» **How to complete this task**: Reproduce the lines below exactly, from the one containing "Senior man sitting" through the one containing "back of house", both included. Leave out any pictures.

» **Source material**:
------

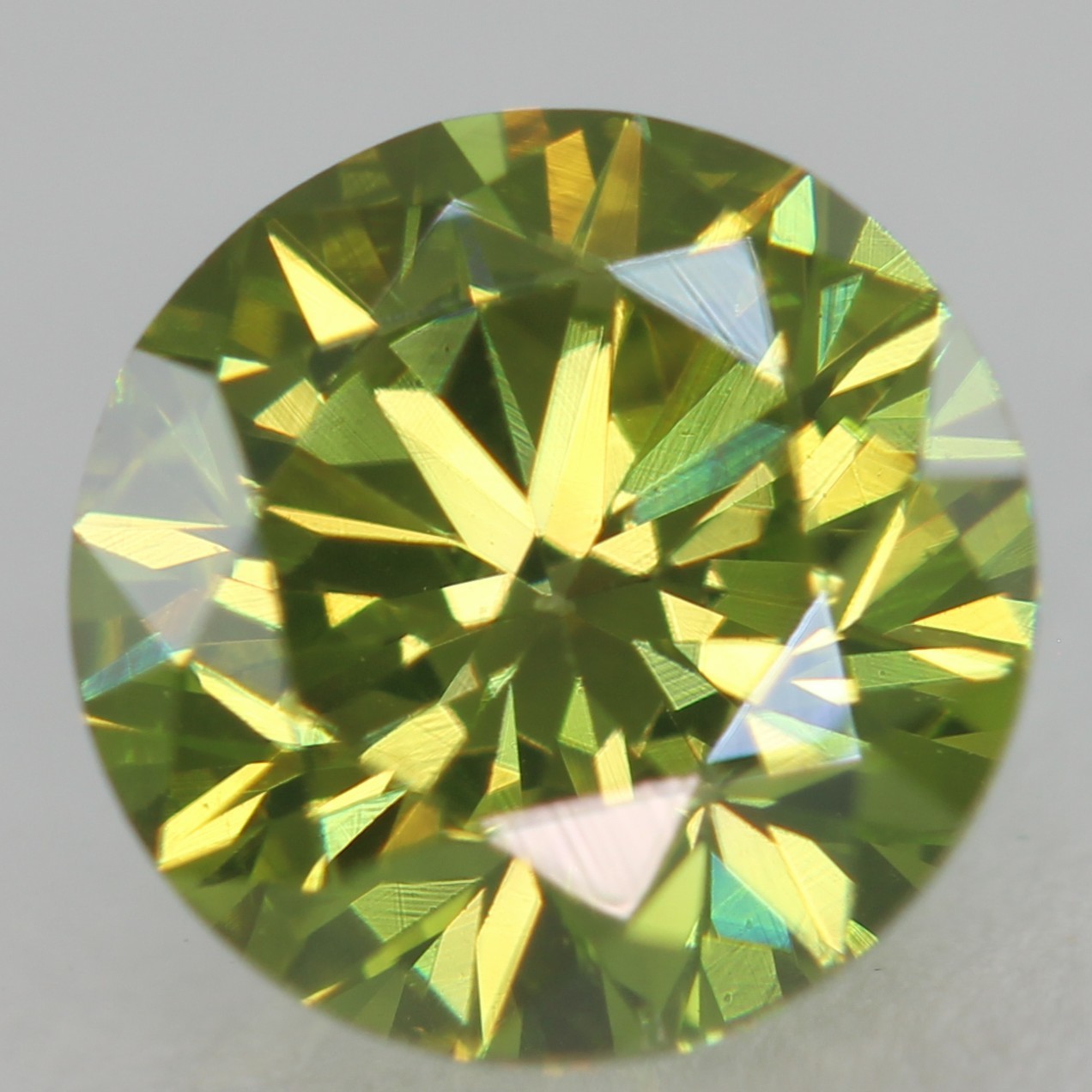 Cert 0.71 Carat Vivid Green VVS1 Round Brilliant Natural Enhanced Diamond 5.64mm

------

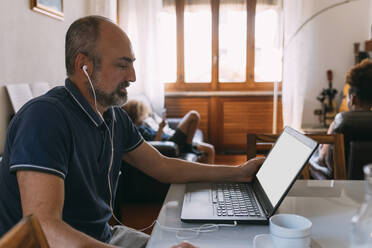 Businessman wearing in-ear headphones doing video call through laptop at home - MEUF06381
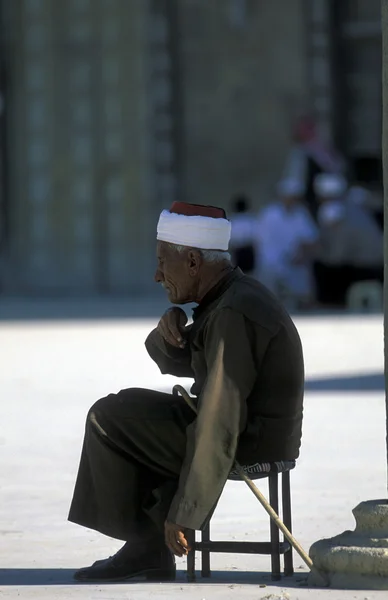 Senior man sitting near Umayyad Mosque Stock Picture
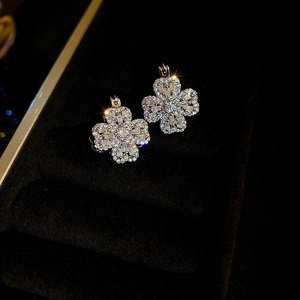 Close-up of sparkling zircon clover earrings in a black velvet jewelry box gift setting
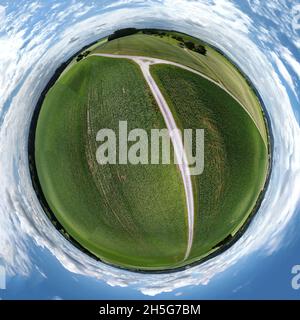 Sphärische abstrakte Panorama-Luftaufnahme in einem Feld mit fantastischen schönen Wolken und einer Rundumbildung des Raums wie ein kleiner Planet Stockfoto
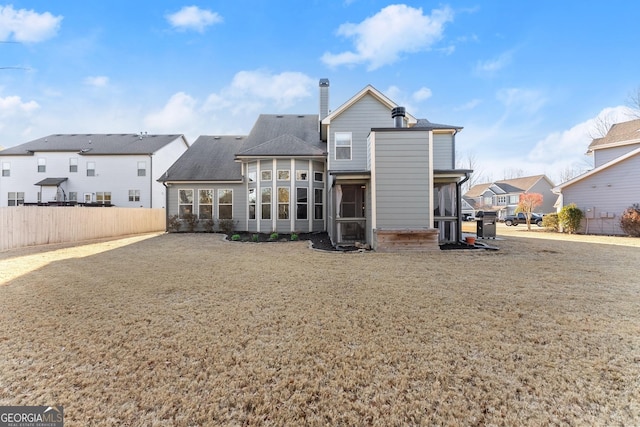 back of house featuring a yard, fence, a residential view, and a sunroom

------

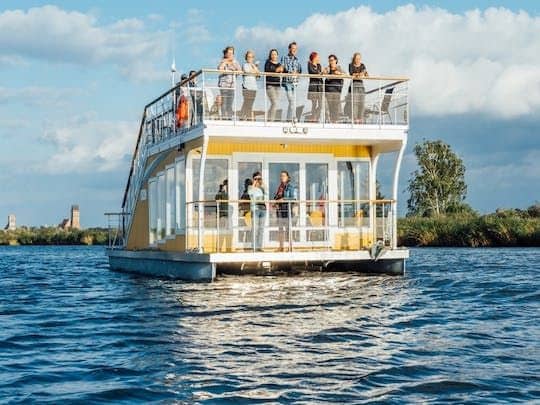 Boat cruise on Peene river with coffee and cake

------

» **Expected answer**:
 Senior man sitting near Umayyad Mosque Stock Picture
 Close-up of sparkling zircon clover earrings in a black velvet jewelry box gift setting
 Sphärische abstrakte Panorama-Luftaufnahme in einem Feld mit fantastischen schönen Wolken und einer Rundumbildung des Raums wie ein kleiner Planet Stockfoto
 back of house featuring a yard, fence, a residential view, and a sunroom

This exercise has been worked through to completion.